No comprehensive metabolic profile of trait anxiety is to date available. To identify metabolic biosignatures for different anxiety states, we compared mice selectively inbred for ∼40 generations for high (HAB), normal (NAB) or low (LAB) anxiety-related behavior. Using a mass spectrometry-based targeted metabolomics approach, we quantified the levels of 257 unique metabolites in the cingulate cortex and plasma of HAB, NAB and LAB mice. We then pinpointed affected molecular systems in anxiety-related behavior by an in silico pathway and network prediction analysis followed by validation of in silico predicted alterations with molecular assays. We found distinct metabolic profiles for different trait anxiety states and detected metabolites with altered levels both in cingulate cortex and plasma. Metabolomics data revealed common candidate biomarkers in cingulate cortex and plasma for anxiety traits and in silico pathway analysis implicated amino acid metabolism, pyruvate metabolism, oxidative stress and apoptosis in the regulation of anxiety-related behavior. We report characteristic biosignatures for trait anxiety states and provide a network map of pathways involved in anxiety-related behavior. Pharmacological targeting of these pathways will enable a mechanism-based approach for identifying novel therapeutic targets for anxiety disorders.
The identification of molecular biosignatures for psychiatric disorders and their subsequent implementation in clinical settings will revolutionize the diagnostic and therapeutic options in the field of neuropsychiatry. Emerging systems biology approaches allow the interrogation of distinct disease/health states in a holistic and hypothesis-free manner. Data derived from omics technologies reveal alterations in pathways, systems and networks, casting light on underlying molecular disease mechanisms and potential therapeutic targets. In this regard, metabolomics captures the status of biochemical pathways at a given time point and is able to define distinct metabolic states in health and disease (Kaddurah-Daouk and Krishnan, 2009 and Suhre et al., 2011). Anxiety disorders encompass a wide spectrum of conditions, ranging from panic disorder to agoraphobia (American Psychiatric Association, 2000). Discovering molecular biosignatures for such disorders is of particular importance as they constitute the most common psychiatric disorders with up to one third of the patients not responding to existing treatments (Bystritsky, 2006 and Kessler et al., 2005) and no molecular biomarkers for diagnosis/therapeutics available (Filiou et al., 2011b).

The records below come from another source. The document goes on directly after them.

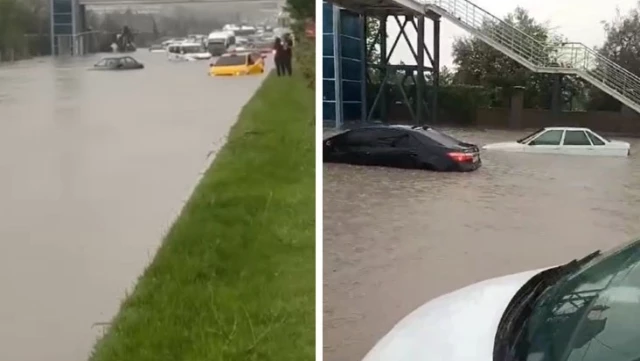 Şiddetli yağış başkenti felç etti! Sokaklar göle döndü, araçlar suya gömüldü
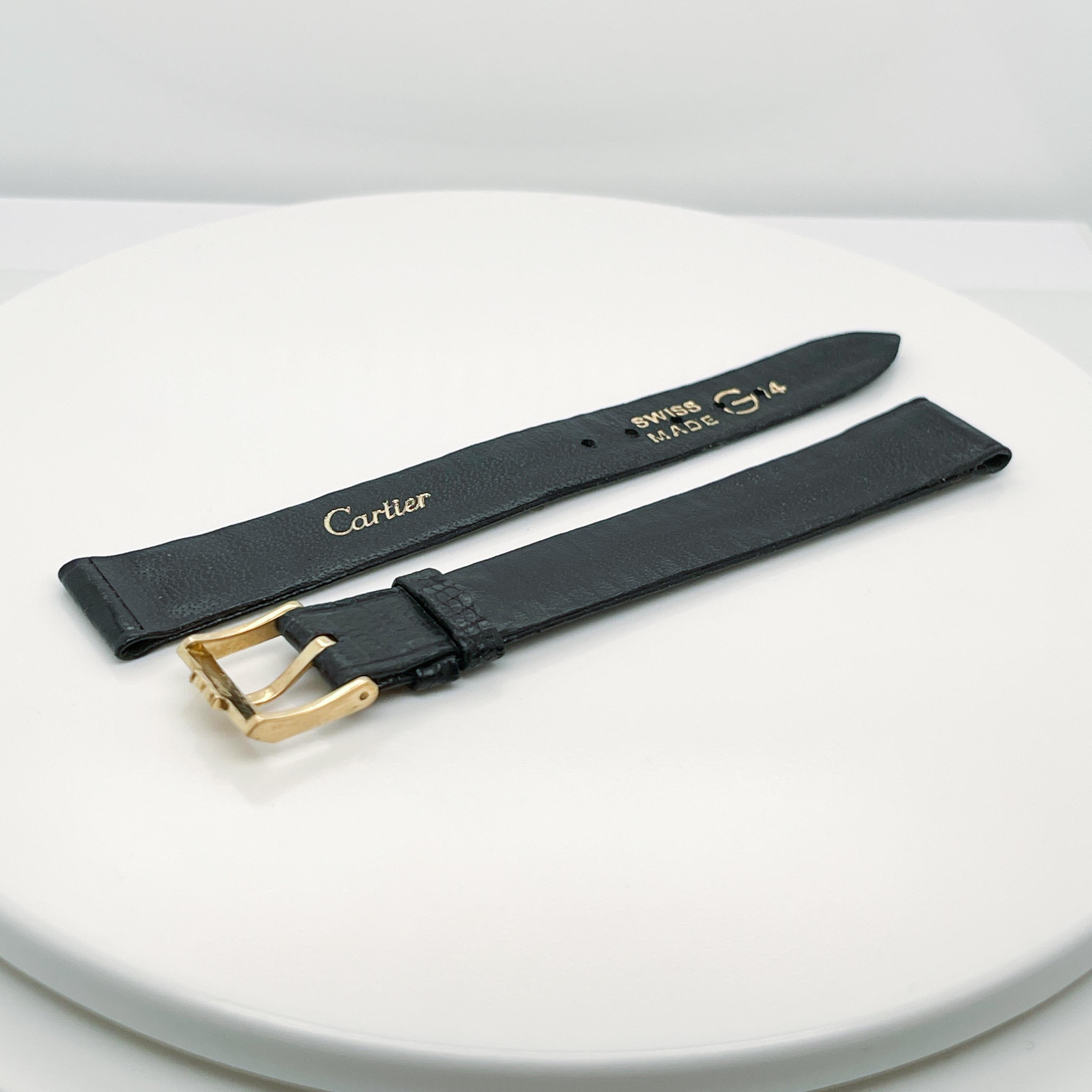 Women's or Men's Vintage Unused Cartier 18 Karat Gold & 14mm Leather Wrist Watch Band For Sale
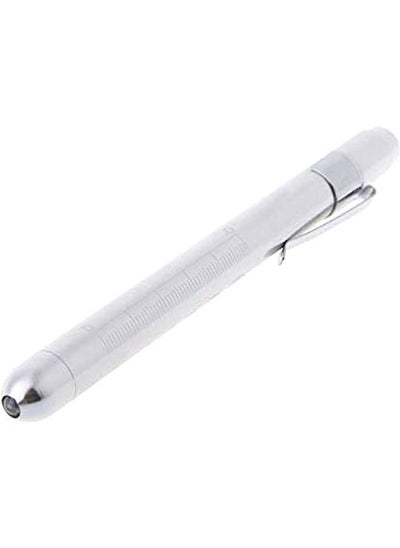 اشتري Nurse Pen Light Led Medical Penlight with Pupil Gauge for Nursing Students Doctors Torch Lamp SILVER في السعودية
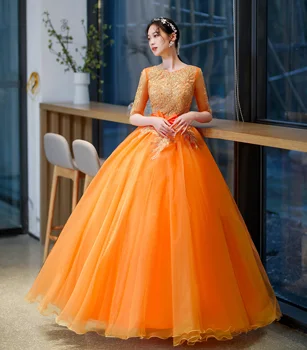laranja bowknot carnaval de veneza vestido país das maravilhas medieval vestido de Renascença vestido de rainha Victoria Belle da Bola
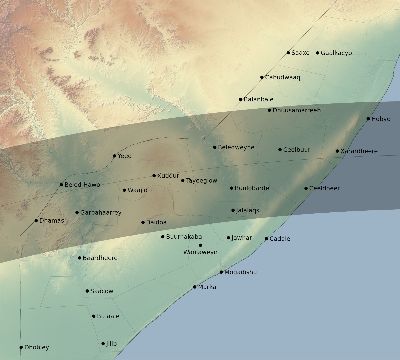 Map of the eclipse path across Somalia on 06/02/2486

To investigate the molecular underpinnings of trait anxiety, a mouse model of high (HAB), normal (NAB) or low (LAB) anxiety-related behavior was generated by selective inbreeding for ∼40 generations based on the % time spent on the elevated plus-maze (EPM) open arms (Kromer et al., 2005). Due to the selective enrichment of the genetic risk factors related to anxiety across generations, the HAB/NAB/LAB mouse model is a robust system for studying genetically inherited behavioral extremes of trait anxiety (Landgraf et al., 2007).

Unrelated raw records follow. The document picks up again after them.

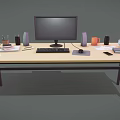 Functional Office Desk Setup With Monitor Keyboard Mouse Stationery Documents Mobile Phone And Speakers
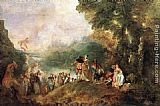 Jean-antoine Watteau Famous Paintings - The Embarkation for Cythera
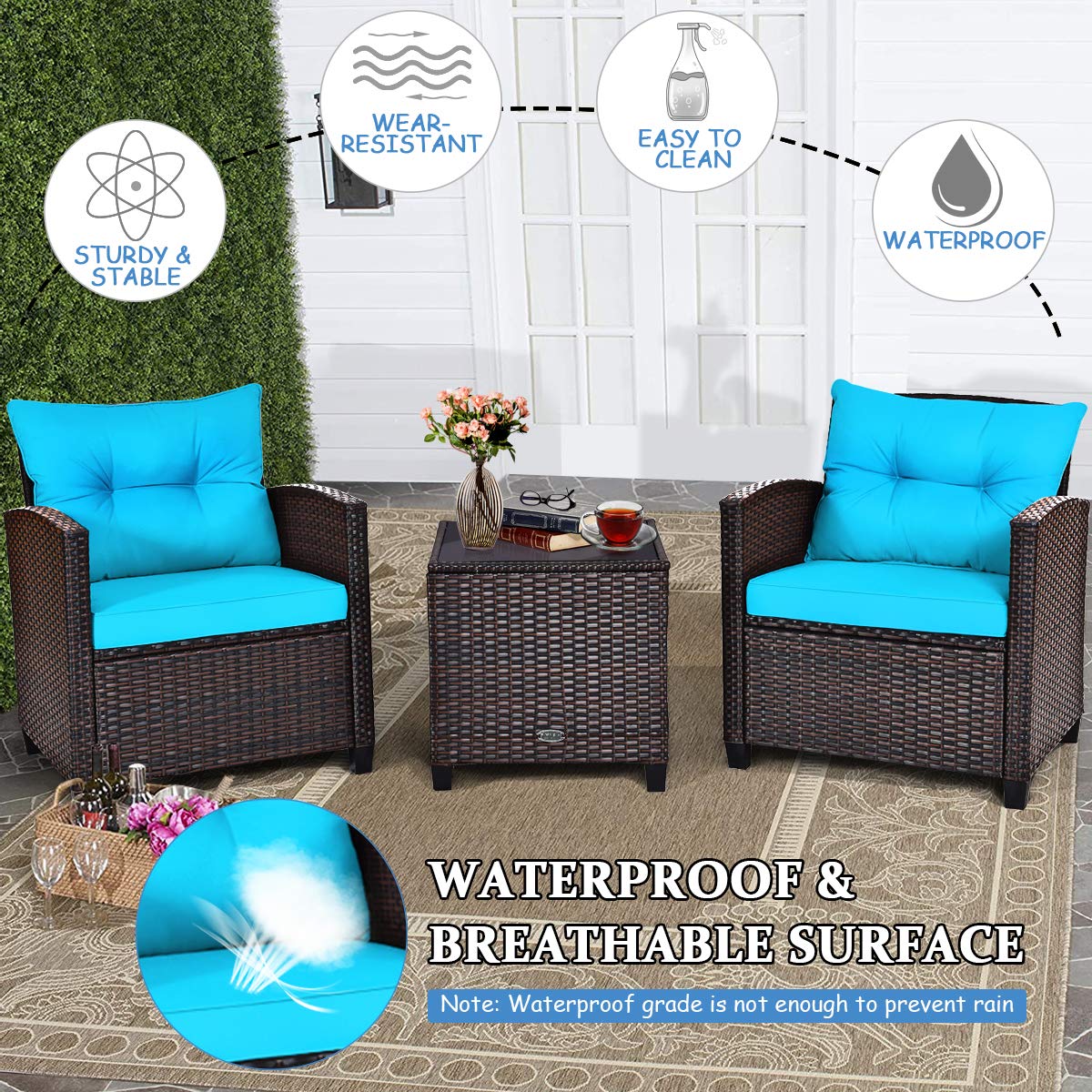 COSTWAY 3PCS Patio Furniture Set, PE Rattan Wicker Sofa w/Washable Cushion and Coffee Table, Tempered Glass Tabletop, Outdoor Conversation Set for Balcony, Porch, Yard, Backyard, Lawn, Turquoise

We have previously established a multi-omics biomarker discovery platform for animal models of disease (Filiou and Turck, 2012, Frank et al., 2009, Haegler et al., 2009 and Zhang et al., 2009). This platform was used to compare cingulate cortex (Filiou et al., 2011a) and plasma (Zhang et al., 2011) proteomes of HAB and LAB mice. We focused on cingulate cortex due to its involvement in the regulation of emotional behavior (Drevets and Savitz, 2008) and on plasma as the specimen of choice for translational applications. HAB mice exhibit energy metabolism and mitochondrial pathway alterations in the cingulate cortex and energy metabolism changes in the plasma compared to LAB mice (Filiou et al., 2011a and Zhang et al., 2011). To further study these differences in energy homeostasis, we analyzed cingulate cortex and plasma specimens of HAB, NAB and LAB mice with a metabolomics platform that is based on selected reaction monitoring (SRM) mass spectrometry and predominantly targets major metabolic pathways (Yuan et al., 2012). In the present study we report distinct metabolic profiles for different trait anxiety states both in cingulate cortex and plasma. We extended our analyses to predict in silico affected pathways in trait anxiety and validated selected pathway predictions with molecular methods, providing a map of affected pathways in anxiety-related behavior.